* [Task goal]: Restate word for word the lines below from the one that has "Preisvergleich Produktbild Hahuha" through the one that has "Cyprus Drape Maxi Skirt", keeping both and dropping all pictures.

* [Input for this task]:
□ □ □ □ □ □ □
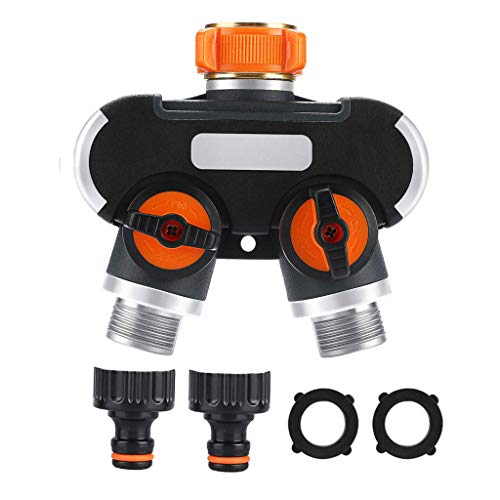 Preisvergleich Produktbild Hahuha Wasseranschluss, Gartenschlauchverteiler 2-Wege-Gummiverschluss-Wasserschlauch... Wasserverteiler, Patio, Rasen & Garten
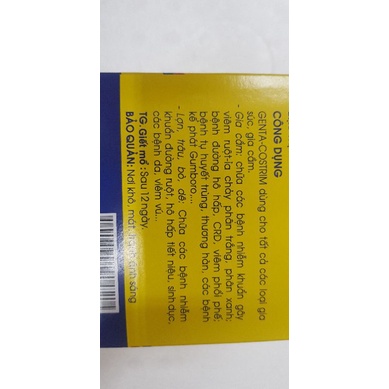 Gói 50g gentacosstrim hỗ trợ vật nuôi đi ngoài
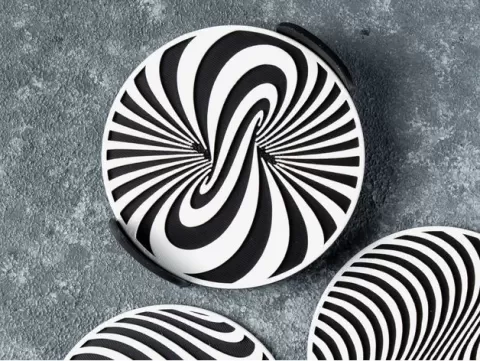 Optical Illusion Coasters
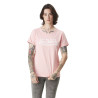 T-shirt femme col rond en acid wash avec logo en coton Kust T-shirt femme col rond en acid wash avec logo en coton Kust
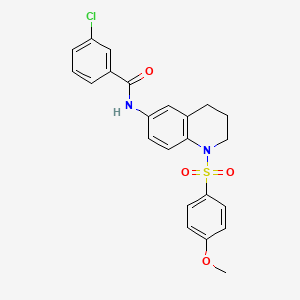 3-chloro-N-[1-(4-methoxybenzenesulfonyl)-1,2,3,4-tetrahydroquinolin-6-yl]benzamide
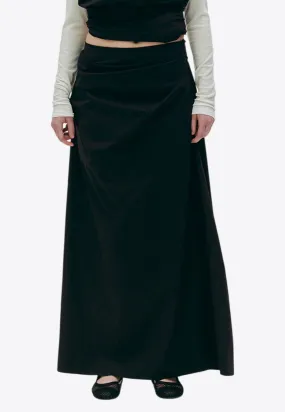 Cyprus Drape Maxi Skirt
□ □ □ □ □ □ □
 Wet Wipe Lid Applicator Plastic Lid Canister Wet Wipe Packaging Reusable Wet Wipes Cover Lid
□ □ □ □ □ □ □
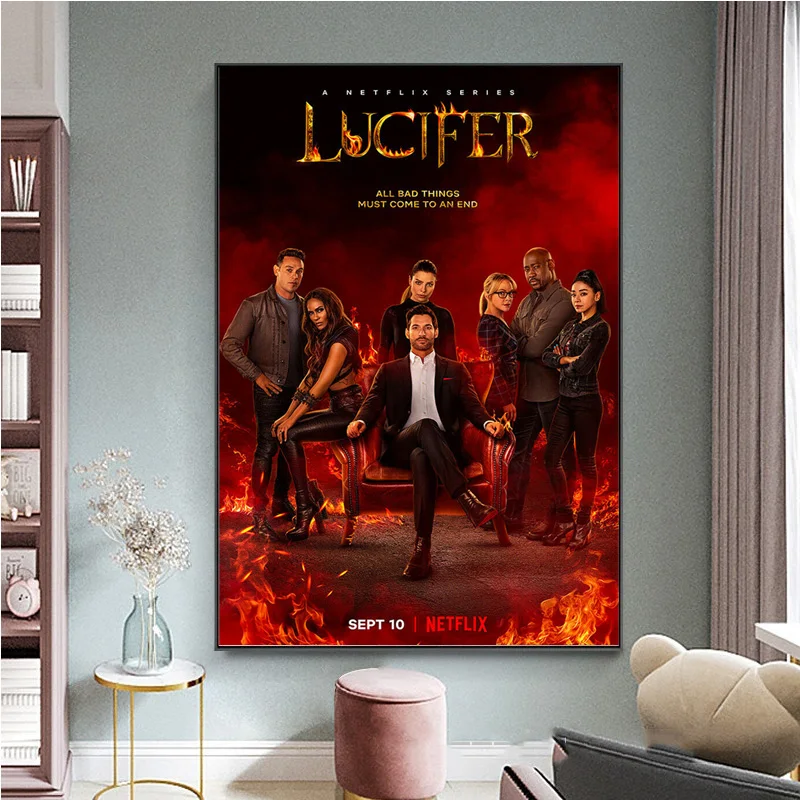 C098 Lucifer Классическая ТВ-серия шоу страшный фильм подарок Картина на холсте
□ □ □ □ □ □ □
* [Answer box]:
 Preisvergleich Produktbild Hahuha Wasseranschluss, Gartenschlauchverteiler 2-Wege-Gummiverschluss-Wasserschlauch... Wasserverteiler, Patio, Rasen & Garten
 Gói 50g gentacosstrim hỗ trợ vật nuôi đi ngoài
 Optical Illusion Coasters
 T-shirt femme col rond en acid wash avec logo en coton Kust T-shirt femme col rond en acid wash avec logo en coton Kust
 3-chloro-N-[1-(4-methoxybenzenesulfonyl)-1,2,3,4-tetrahydroquinolin-6-yl]benzamide
 Cyprus Drape Maxi Skirt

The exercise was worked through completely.